You called detect() after the with block closed, or you created the landmarker in one mode and called the wrong detection method. The three modes have matching methods:

  • IMAGE mode uses detect()
  • VIDEO mode uses detect_for_video()
  • LIVE_STREAM mode uses detect_async()

Calling detect_for_video() on a landmarker created with RunningMode.IMAGE raises a ValueError. Double-check your running mode matches your method call.

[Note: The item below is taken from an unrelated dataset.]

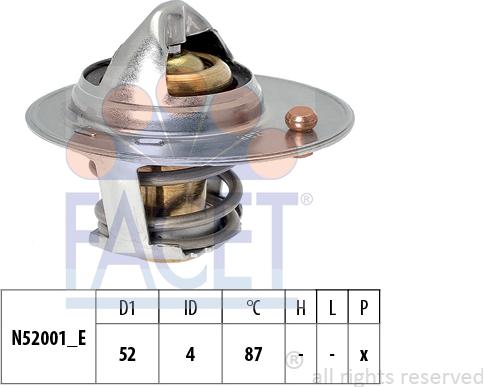 FACET 7.8825S - Termostat, rashladna tekućinu www.molydon.hr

No landmarks detected (empty results)

If result.pose_landmarks is an empty list, the model did not find a person. Common causes:

  • The person is too small in frame – move the camera closer or crop the image
  • Bad lighting or heavy motion blur
  • The confidence thresholds are too high – drop min_pose_detection_confidence to 0.3
  • The image is not in RGB format – OpenCV reads BGR by default, so always convert with cv2.cvtColor(frame, cv2.COLOR_BGR2RGB) before passing to MediaPipe

ImportError: cannot import name ‘drawing_utils’ from mediapipe

You are likely on an older MediaPipe version. The Tasks API drawing utilities moved in recent versions. Update to the latest:

1
pip install --upgrade mediapipe

As of early 2026, version 0.10.32+ includes the Tasks API drawing modules at mediapipe.tasks.python.vision.drawing_utils.